Это необходимо сделать для того, чтобы не морочить гражданам Республики головы и не тратить средства Республики на создание видимости соблюдения законов видимых, а все видимые законы отменить. Ответ на письмо пришел Брыкле через два месяца. В этом ответе говорилось, что его письмо рассмотрено, но удовлетворению не подлежит, поскольку опубликование Невидимого Закона может привести к обострению отношений со всем окружающим Республику цивилизованным миром.
Внизу Брыкля увидел приписку, в которой говорилось, что освободить его из-под ареста не представляется возможным, поскольку его вина подтверждена всей совокупностью собранных по делу доказательств. На следующий день Брыкля увидел по телевизору выступление Советника Главного надзирателя за соблюдением законов.

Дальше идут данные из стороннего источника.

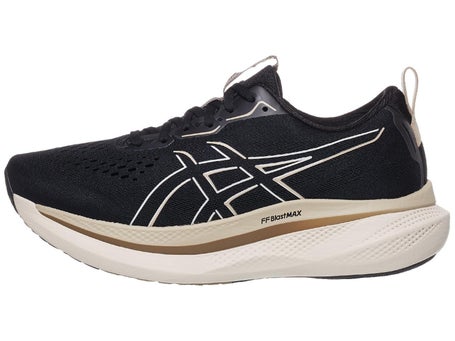 ASICS GlideRide Max\Mens Shoes\Black/Oatmeal
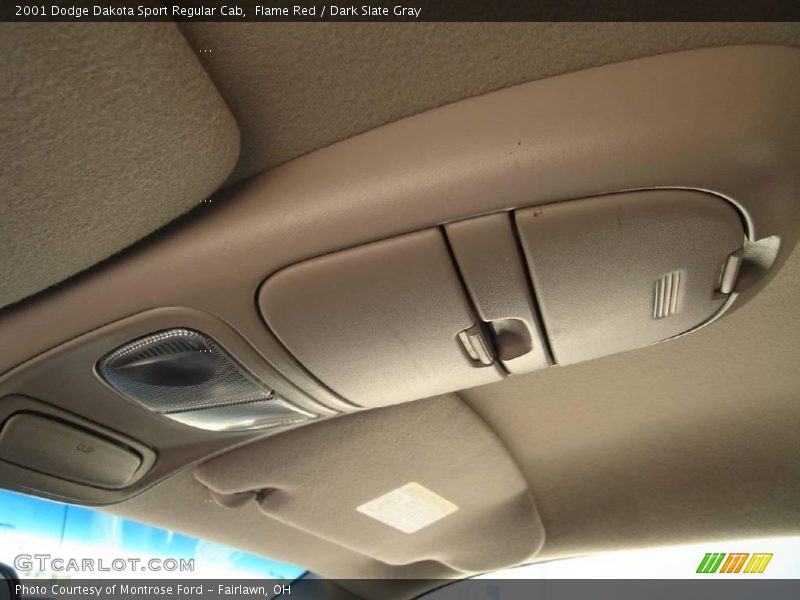 Flame Red / Dark Slate Gray 2001 Dodge Dakota Sport Regular Cab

Раньше этот Советник занимал высокий пост в Безопасности. Слушая его выступление, Брыкля не верил своим ушам.
Его письмо Главному чиновнику Республики возымело силу. Советник в своем выступлении сказал, что для всех обвиняемых есть лишь одна мера пресечения – арест, а Свод правил, регламентирующих действия следствия и суда Республики, он назвал порождением нечистой силы.
– Наконец-то, – подумал Брыкля, – Невидимый Закон становится видимым.
После этого Брыкля написал на имя Начальника тюрьмы заявление с просьбой считать его добровольно умершим.